Triple-channel Nehalem CPUs still provides around 25 per cent more throughput than Sandy Bridge, and the new CPU needs to scale all the way to 2,133MHz in order to exceed Nehalem's 1,600MHz figure. As this point, it's worth noting that a triple-channel 6GB 1,600MHz kit is cheaper than 4GB 2,133MHz, but that's not the whole story.
Take Cinebench (further down the page), for example, in which the Sandy Bridge CPU was faster than both Lynnfield and Nehalem. On the other hand, the Overall Media Benchmark score increased consistently with memory frequency, predominantly because of the multi-tasking test. The Sandy Bridge PC was consistently 5-10 per cent faster in clock-for-clock comparatives too.
Crysis doesn't mind which memory you use, but it ran quicker on the Sandy Bridge setup than on the other two systems. Civilization 5 is slightly more fussy about what memory you use, but the Sandy Bridge system was as fast with the sluggish 1,333MHz memory as the other PCs were with faster memory. With 1,600MHz memory fitted in the Sandy Bridge PC, it outperformed the others.
What Memory Should You Buy for Sandy Bridge?
Raw memory bandwidth jumped in large steps as we increased the frequency, although the steps were smaller when we went beyond 1,866MHz. Latency doesn't really affect bandwidth, but we saw a similar situation in the latency test - tightening the latency made a difference at the lower frequencies, but not so much at the higher frequencies.
This doesn't translate at all in Cinebench, though, which sees little benefit from fast, low-latency memory. Our Gimp image-editing test also concurred with Cinebench, even if the video-encoding test responded to CL8 latencies reasonably well. The difference is hardly of interest to anyone but competitive overclockers, however.
Meanwhile, the multi-tasking test showed a noticeable benefit in faster, lower latency memory, though. This is worth noting, since these are quad-core/eight-thread thread CPUs designed to do a multitude of things at once. The difference between the 1,333MHz kit at a sluggish CL9, and the 2,133MHz kit at CL8 was over 200 points.
As far as gaming goes, though, there's very little point in buying anything faster than 1,600MHz memory. Crysis couldn't care less about what memory you use, while Civ 5 ran equally as fast on the 1,600MHz kit at CL9 as the 2,133MHz at CL8. Only with the memory set to 1,333MHz did we see a slowdown, and even then by 1-3fps (around 5 per cent) at most.
Conclusion of what to Buy
If you're the type of person that runs dozens of applications all at once, then a higher memory frequency does help, particularly when you're running demanding software. However, our testing shows that memory rated at over 1,866MHz doesn't give much extra performance. Worse still, in some applications only 1,333MHz memory gives a performance penalty, meaning that 1,600MHz memory is fine.

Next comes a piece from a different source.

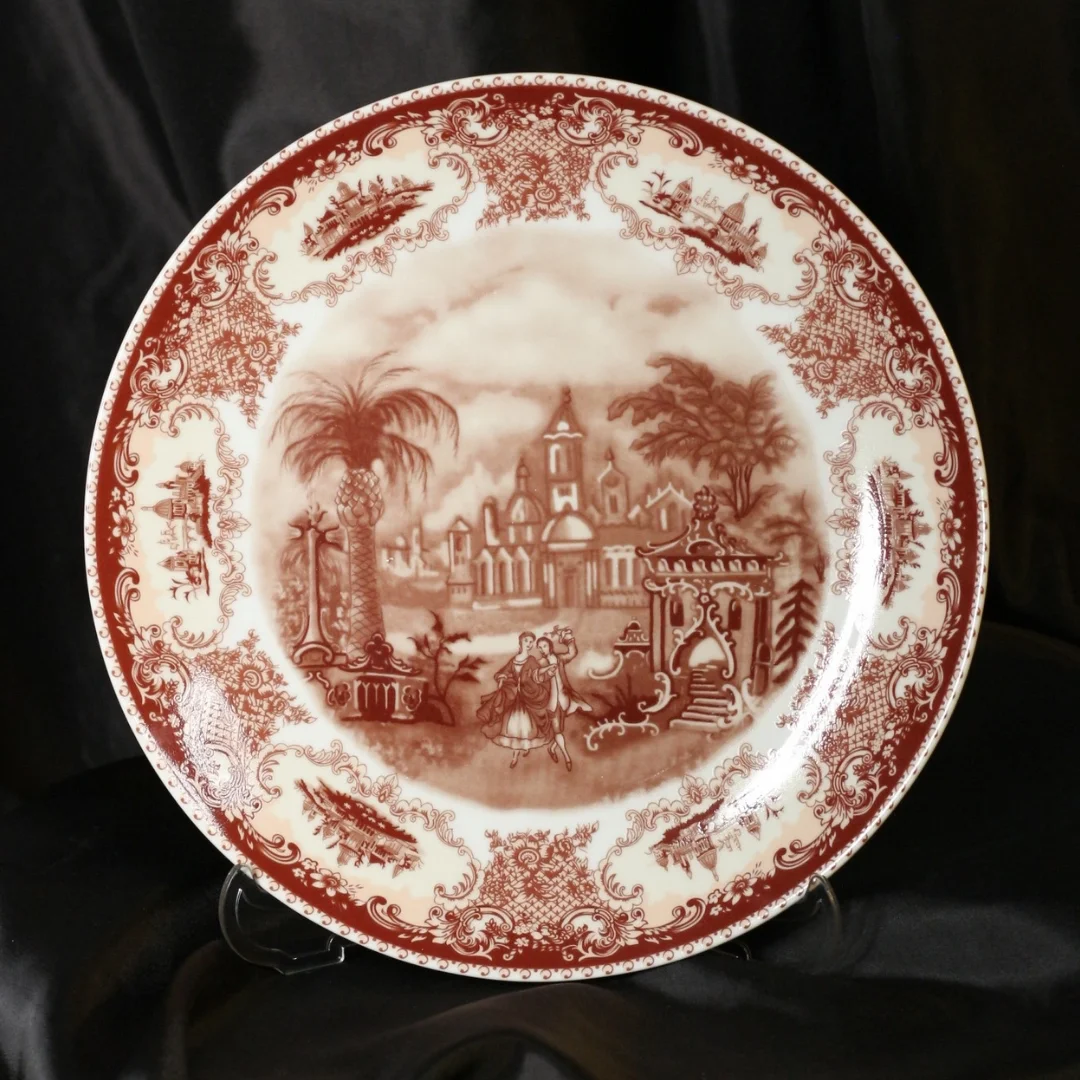 6 Kişilik 28 Parça Vintage Manzara Desenli Yemek Takımı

If you're doing anything other than heavy multi-tasking - this goes for gamers in particular - then a 1,600MHz or 1,866MHz kit is plenty. You could opt for CL8, as we saw some advantage in the video encoding test, but we wouldn't obsess over this factor, especially if a CL9 kit is much cheaper.

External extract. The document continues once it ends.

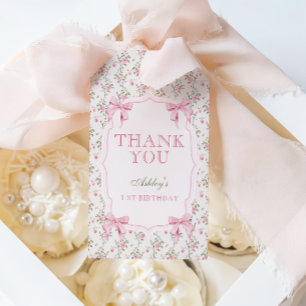 Étiquettes-cadeau Coquette rose mignonne Bow 1er anniversaire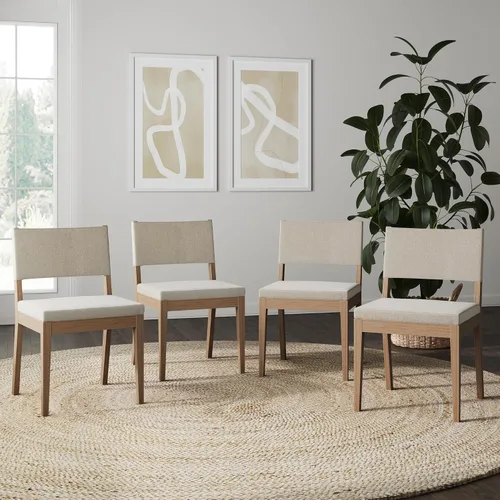 Vista 14 de Nathan James Linus - Silla de comedor tapizada moderna con patas de goma maciza en un acabado marrón cepillado con alambre, marrón claro Marrón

Always remember to buy from a reputable manufacturer, though, as cheap and unbranded memory tends to cause more trouble than the saving is worth. We'd also strongly advise you to opt for at least a 4GB, dual-channel kit. We expect 8GB kits to be common this time around, and these are worth considering if you run a few resource-heavy applications concurrently.